This is a problem found during my work in some company. I would like to share it and give some solutions or debug processes.

The Problem

The original problem is that a complex testing framework hangs for no reason. In my first step for debugging, I immedialy checked the process tree using pstree -ap <pid>. It shows that the process hang on its ssh subprocess. The command is something like ssh <username>@<ip> command and is just a normal ssh execution command. It should never go on forever, since this command usually needs only 5 seconds.

It’s hard, but I finally check the code and found the Python script for making this subprocess. The code is as follows.

import subprocess

# ... code ...

try:
    proc = subprocess.Popen(["ssh", "<username>@<ip>", "<command>"],
                            stdout=subprocess.PIPE,
                            stderr=subprocess.STDOUT)
    proc.wait()
    output = proc.stdout.read()
    retcode = proc.returncode
    return retcode, output
except:
    # ... code ...

I tested the code on my machine, and it worked fine!

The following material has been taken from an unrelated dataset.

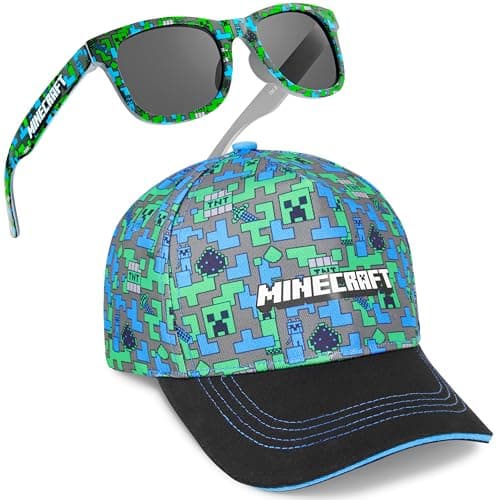 Image of Get Trend Minecraft Baseball Cap Sunglasses Set for Boys, Adjustable Sun Hat 100% UV Shades, Kids Holiday Essentials, Boys Gaming Gifts (Multi Minecraft Set)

How is it possible! Why will it hang there? Especially since the process is not over, it hangs at the wait call. Why is that?

Debugging

Well it’s easy to guess that the problem in in the output stream. My first guess is that it needs to wait for all output in the PIPE buffer to be cleared, but since the code works on other places, this seems to be implausible. I decided to check explicitly for the buffer.

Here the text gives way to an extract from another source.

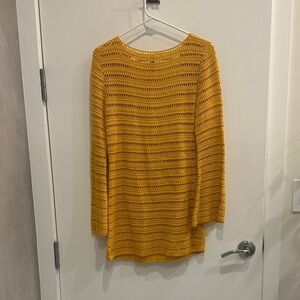 Lovers + Friends Mustard Crochet Dress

Fortunately, we have /dev/urandom to test for outputs. For controlling the output size, I used both head and dd (for controlling output more precisely). Let’s write a code and test it. Note that Python 3 is used for this test. Both Linux and Windows with bash can be used for this test.

import subprocess

block_size = 65536

proc = subprocess.Popen(["bash", "-c", f"dd if=/dev/urandom bs={block_size} count=1 2>/dev/null"],
                        stdout=subprocess.PIPE,
                        stderr=subprocess.STDOUT)
proc.wait()
output = proc.stdout.read()
retcode = proc.returncode
print(len(output))

If we run this test, we can see 65536 printed as expected. However, let’s change block_size to 65537, or any value above that. Now we have a program that will never stop running! Now we can say that the buffer for subprocess.PIPE is exactly 65536. Therefore, we now know why the problem appears. The process is waiting for the buffer to clear up and only after it can stop running. Also, as long as the total amount of received bytes exceeds 65536, the program will hang, even if block size is so small and count is large, i.e., dd if=/dev/urandom bs=1 count=65537 2>/dev/null will hang as well.

Solution

The solution is so easy that I am surprised. Just swapping two lines and the problem is solved:

import subprocess

block_size = 65536

proc = subprocess.Popen(["bash", "-c", f"dd if=/dev/urandom bs={block_size} count=1 2>/dev/null"],
                        stdout=subprocess.PIPE,
                        stderr=subprocess.STDOUT)
output = proc.stdout.read()
proc.wait()   # put it here!
retcode = proc.returncode
print(len(output))

Now, the program will first read all the bytes until the end, and then wait for the program to exit instead of waiting for someone to take away the output from the buffer! It’s a hard problem with an easy solution. I hope it will never happen again.

Testing is hard, but it’s even harder to test a testing framework!